Gin i Ryuu są sierotami. Ich rodzice umarli, gdy byli małymi gówniarzami. Wychowywał ich ich stary wujek-Hirostu. Wciąż żyje, ale uznali, że nie chcą mu już przeszkadzać. Wyprowadzili się do małej kawalerki. Ryuu śpi na rozkładanej kanapie, a Gin ma swój pokój. To zabawne...Nie wiem czy mógłbym się tak dla kogoś poświęcić. Chociaż pewnie z rodziną jest inaczej...Wspierają się i kochają bezgranicznie. Akutagawa nie widzi świata poza Gin, jest dla niego najważniejsza.

— Chuuya? A ty co tutaj robisz? — Spytał smażąc na patelni ryż z warzywami.

— Dazai znowu przytargał jakąś dziwkę, nie mam zamiaru ich słuchać. Jak on może tak robić?! Do tego są love hotele albo zwykłe hotele...Ugh. —

— Doprawdy to odrażające... — Mruknął pod nosem obojętnie.

Wyjął z szafki trzy talerze i wszystko nałożył. Dla siebie najmniejszą porcje- jak zawsze. Czasami się o niego martwię, ale on nie chce nic mówić.
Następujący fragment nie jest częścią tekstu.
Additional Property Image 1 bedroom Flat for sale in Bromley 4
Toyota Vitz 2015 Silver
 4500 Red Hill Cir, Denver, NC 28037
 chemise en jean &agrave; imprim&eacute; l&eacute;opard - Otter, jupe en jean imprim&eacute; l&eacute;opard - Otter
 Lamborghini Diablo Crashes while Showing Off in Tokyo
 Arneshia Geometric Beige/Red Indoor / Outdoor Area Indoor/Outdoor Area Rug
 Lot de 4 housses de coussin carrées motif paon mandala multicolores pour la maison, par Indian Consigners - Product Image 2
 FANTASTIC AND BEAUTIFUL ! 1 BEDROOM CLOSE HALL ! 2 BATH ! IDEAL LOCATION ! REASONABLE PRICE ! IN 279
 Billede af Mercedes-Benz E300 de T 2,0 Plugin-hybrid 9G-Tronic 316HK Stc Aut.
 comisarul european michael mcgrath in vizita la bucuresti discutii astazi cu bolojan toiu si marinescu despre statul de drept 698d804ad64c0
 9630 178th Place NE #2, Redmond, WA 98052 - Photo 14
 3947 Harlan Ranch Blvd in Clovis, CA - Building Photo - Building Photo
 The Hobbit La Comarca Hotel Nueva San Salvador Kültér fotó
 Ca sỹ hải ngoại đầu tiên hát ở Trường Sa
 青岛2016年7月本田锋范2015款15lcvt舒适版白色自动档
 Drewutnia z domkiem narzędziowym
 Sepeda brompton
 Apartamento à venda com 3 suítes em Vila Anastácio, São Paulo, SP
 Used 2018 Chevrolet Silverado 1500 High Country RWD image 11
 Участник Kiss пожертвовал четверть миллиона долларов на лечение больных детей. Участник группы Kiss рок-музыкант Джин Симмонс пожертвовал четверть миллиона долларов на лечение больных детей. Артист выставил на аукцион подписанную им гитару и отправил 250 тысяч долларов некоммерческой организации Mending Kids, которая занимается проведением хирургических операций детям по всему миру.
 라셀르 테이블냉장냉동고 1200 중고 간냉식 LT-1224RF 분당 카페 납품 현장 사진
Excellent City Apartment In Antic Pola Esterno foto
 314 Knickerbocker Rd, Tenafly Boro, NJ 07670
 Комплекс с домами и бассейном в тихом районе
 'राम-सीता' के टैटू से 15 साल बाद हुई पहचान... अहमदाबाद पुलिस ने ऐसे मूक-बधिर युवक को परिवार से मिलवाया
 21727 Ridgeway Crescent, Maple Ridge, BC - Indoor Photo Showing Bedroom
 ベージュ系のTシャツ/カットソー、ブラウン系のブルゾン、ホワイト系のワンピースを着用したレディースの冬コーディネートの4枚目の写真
Zasiadliśmy wszyscy przy stole i w spokoju gadaliśmy. Gin opowiadała o swojej szkole. Jest już w klasie maturalnej...jest taka duża. Nie pamiętam kiedy to zleciało...Znam ich od dzieciaka. Jeszcze niedawno miała metr wzrostu i bawiła się ze mną i innymi dzieciakami na placu zabaw.

— Ah tak, Gin.. Przyjdzie dziś wieczorem Ji-Atsushi, okej? Nie przeszkadza Ci to? — Spytał nagle młodszy chłopak kładąc dłoń na stole. Gdy tylko wspomniał imię swojego kolegi w jego oczach można było zobaczyć szczęście.

— Mhm, jasne. Nie jestem twoją córką tylko siostrą braciszku...Nie musisz mnie pytać o takie rzeczy. — Wstała od stołu i poprawiła włosy. — Idę do pokoju, wciągnęłam się w nowy serial. —

— Opowiedz mi później! — Krzyknął cicho Akutagawa kończąc jedzenie.

— Więc..Atsushi? Ten z pierwszego roku? —

— T-tak...Zżyliśmy się ze sobą. Nie mówiłem wam, bo wiesz jaka jest Higuchi. —

Przytaknąłem tylko. Reszta popołudnia minęła spokojnie dopóki nie dostałem wiadomości od Dazaia. Wysłał mi swoje zdjęcie bez koszulki. Nie żaden nudes czy coś..zwykłe zdjęcie na którym wystawia szyderczo język i jakby..macha mi.